The State Service for Ethnopolitics and Freedom of Conscience (DESS) reminded the bishops of the UOC (MP) to monitor the observance of Ukraine’s legislation in churches they operate.
The DESS drew the attention of the UOC to the fact that it is important for every bishop to ask himself whether in any of the UOC churches under his control:
anyone commemorates Patriarch Kirill as a prominent patriarch for the UOC;
anyone spreads absurd Kremlin literature that has no place in churches (for example, claiming the “decay of the West”);
anyone reproduces the narratives generated by Moscow’s imperial ambitions;
the content of sermons and hymns hurts people’s feelings amid Russia’s war of aggression on Ukraine and the aggression that has been going on since 2014?
“It is important for everyone to realize and remember that the narratives of the Russian Federation, which accompany Russia’s armed aggression and crimes committed in Ukraine, are dangerous for Ukraine and the rest of the world, and that they had been established and formed long before the invasion,” the DESS said in the statement.

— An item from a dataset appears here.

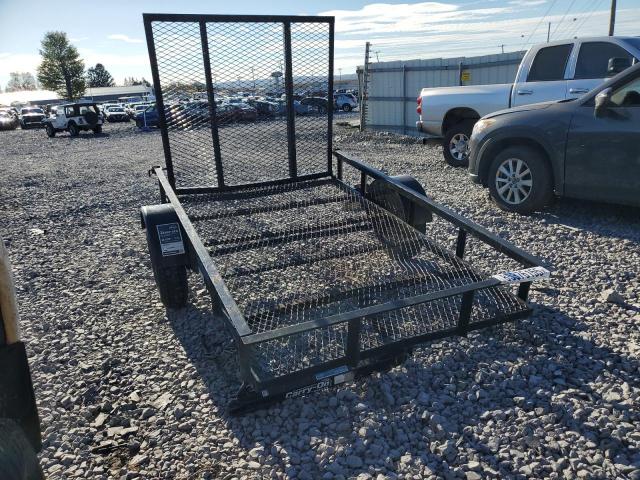  Salvage Carry-on 5x8g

They include, in particular, the following elements:
superiority of Russian identity and culture over others;
denying the sovereignty of Ukraine, Ukrainian civil and ethnic identity, Ukrainian language and positioning them as a component of Russian identity and a dialect of the Russian language;
the borderless Russian world, which is present everywhere where the Russian language is used;
the conspiracy of the West to weaken and destroy Russia, in particular by extending its influence over Ukraine, hence Russia’s right to invade Ukraine and other countries;
representation of Ukraine and the West as territories saturated with violence, injustice, and evil, from which Russia must save everyone;
Russia’s mission to save the world from moral decay;
those who express opposition to the ideas outlined above and oppose them are accused of “Russophobia”, presented at least as victims of disinformation or as enemies and Nazis who must be destroyed.
“Behind these narratives lies terrible violence, a calamity of death and destruction. They have no place in Ukraine, they have no place in any corner of the civilized world,” the agency said.